Segment Start: GIVEN MATERIAL

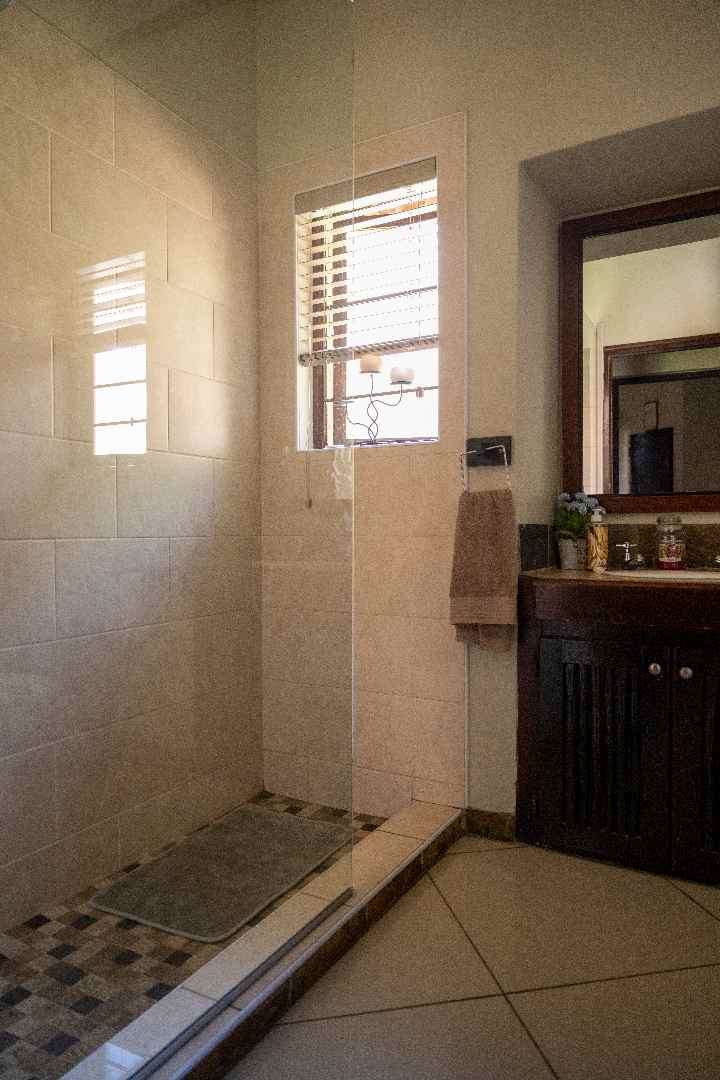 3 Bedroom Property for Sale in Glen Marais Gauteng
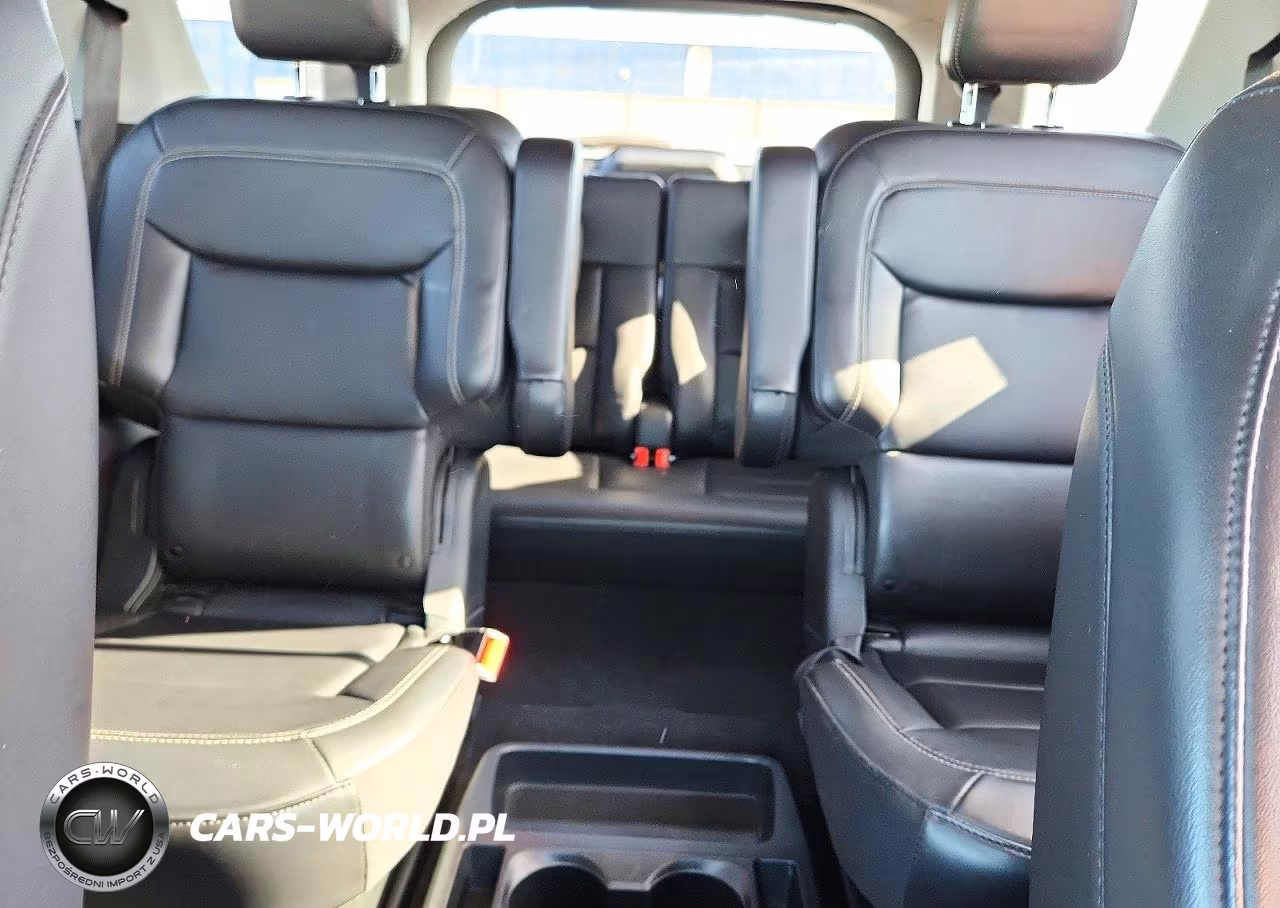 2021 Ford Explorer Xlt VIN:1FMSK8DH3MGB14567 - 10
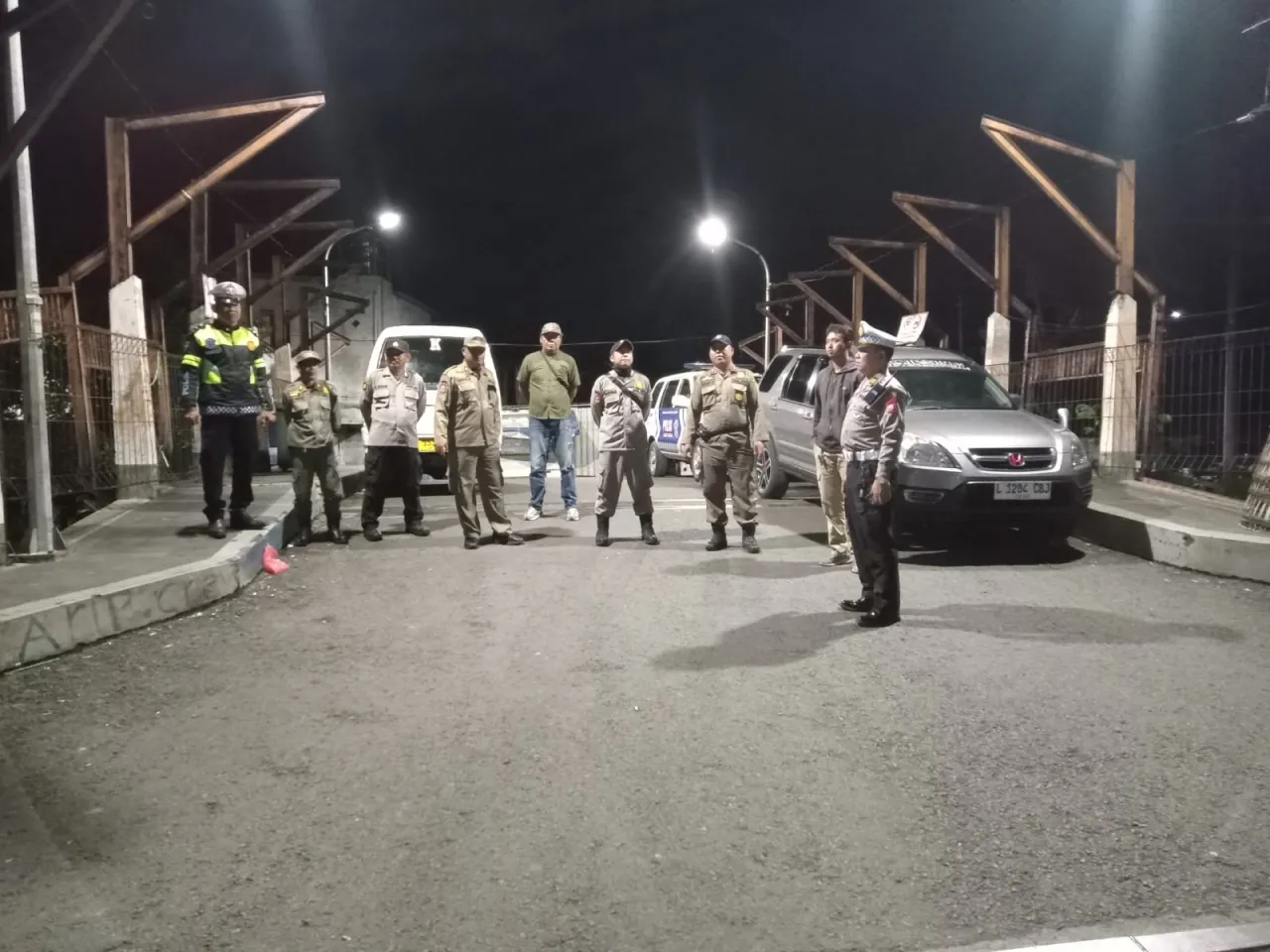 Wani!! Jogo Semampir Aman, Polisi, Satpol PP dan Warga Bersatu Jaga Kamtibmas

Segment End: GIVEN MATERIAL

EXERCISE GOAL: Where a picture appears in the listing above, skip it and set down all the rest exactly.

RESPONSE AREA:
 3 Bedroom Property for Sale in Glen Marais Gauteng
 2021 Ford Explorer Xlt VIN:1FMSK8DH3MGB14567 - 10
 Wani!! Jogo Semampir Aman, Polisi, Satpol PP dan Warga Bersatu Jaga Kamtibmas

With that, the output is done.